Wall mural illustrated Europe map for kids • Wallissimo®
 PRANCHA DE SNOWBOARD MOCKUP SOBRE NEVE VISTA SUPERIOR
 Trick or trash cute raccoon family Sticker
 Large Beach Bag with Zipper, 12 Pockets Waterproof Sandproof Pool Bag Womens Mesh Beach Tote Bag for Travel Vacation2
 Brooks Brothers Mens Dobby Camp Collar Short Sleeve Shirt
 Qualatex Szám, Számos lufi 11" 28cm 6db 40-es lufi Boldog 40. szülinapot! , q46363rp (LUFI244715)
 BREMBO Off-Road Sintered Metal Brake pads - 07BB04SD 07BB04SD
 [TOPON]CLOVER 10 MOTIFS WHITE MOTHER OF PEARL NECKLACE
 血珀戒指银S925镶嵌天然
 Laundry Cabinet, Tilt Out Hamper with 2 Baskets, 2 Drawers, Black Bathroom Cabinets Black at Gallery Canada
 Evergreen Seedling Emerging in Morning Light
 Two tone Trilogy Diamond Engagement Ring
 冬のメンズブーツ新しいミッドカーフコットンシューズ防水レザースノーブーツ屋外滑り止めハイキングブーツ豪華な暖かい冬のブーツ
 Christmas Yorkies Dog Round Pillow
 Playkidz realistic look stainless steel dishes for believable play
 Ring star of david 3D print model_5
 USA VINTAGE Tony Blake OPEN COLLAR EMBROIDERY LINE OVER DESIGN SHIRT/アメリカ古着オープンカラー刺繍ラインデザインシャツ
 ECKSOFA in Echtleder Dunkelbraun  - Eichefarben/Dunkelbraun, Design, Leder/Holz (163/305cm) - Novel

● ● ● ● ● ● ●

Aim of the task -> Each of the records above is to be reproduced word for word.

Completed task ->
Wall mural illustrated Europe map for kids • Wallissimo®
 PRANCHA DE SNOWBOARD MOCKUP SOBRE NEVE VISTA SUPERIOR
 Trick or trash cute raccoon family Sticker
 Large Beach Bag with Zipper, 12 Pockets Waterproof Sandproof Pool Bag Womens Mesh Beach Tote Bag for Travel Vacation2
 Brooks Brothers Mens Dobby Camp Collar Short Sleeve Shirt
 Qualatex Szám, Számos lufi 11" 28cm 6db 40-es lufi Boldog 40. szülinapot! , q46363rp (LUFI244715)
 BREMBO Off-Road Sintered Metal Brake pads - 07BB04SD 07BB04SD
 [TOPON]CLOVER 10 MOTIFS WHITE MOTHER OF PEARL NECKLACE
 血珀戒指银S925镶嵌天然
 Laundry Cabinet, Tilt Out Hamper with 2 Baskets, 2 Drawers, Black Bathroom Cabinets Black at Gallery Canada
 Evergreen Seedling Emerging in Morning Light
 Two tone Trilogy Diamond Engagement Ring
 冬のメンズブーツ新しいミッドカーフコットンシューズ防水レザースノーブーツ屋外滑り止めハイキングブーツ豪華な暖かい冬のブーツ
 Christmas Yorkies Dog Round Pillow
 Playkidz realistic look stainless steel dishes for believable play
 Ring star of david 3D print model_5
 USA VINTAGE Tony Blake OPEN COLLAR EMBROIDERY LINE OVER DESIGN SHIRT/アメリカ古着オープンカラー刺繍ラインデザインシャツ
 ECKSOFA in Echtleder Dunkelbraun  - Eichefarben/Dunkelbraun, Design, Leder/Holz (163/305cm) - Novel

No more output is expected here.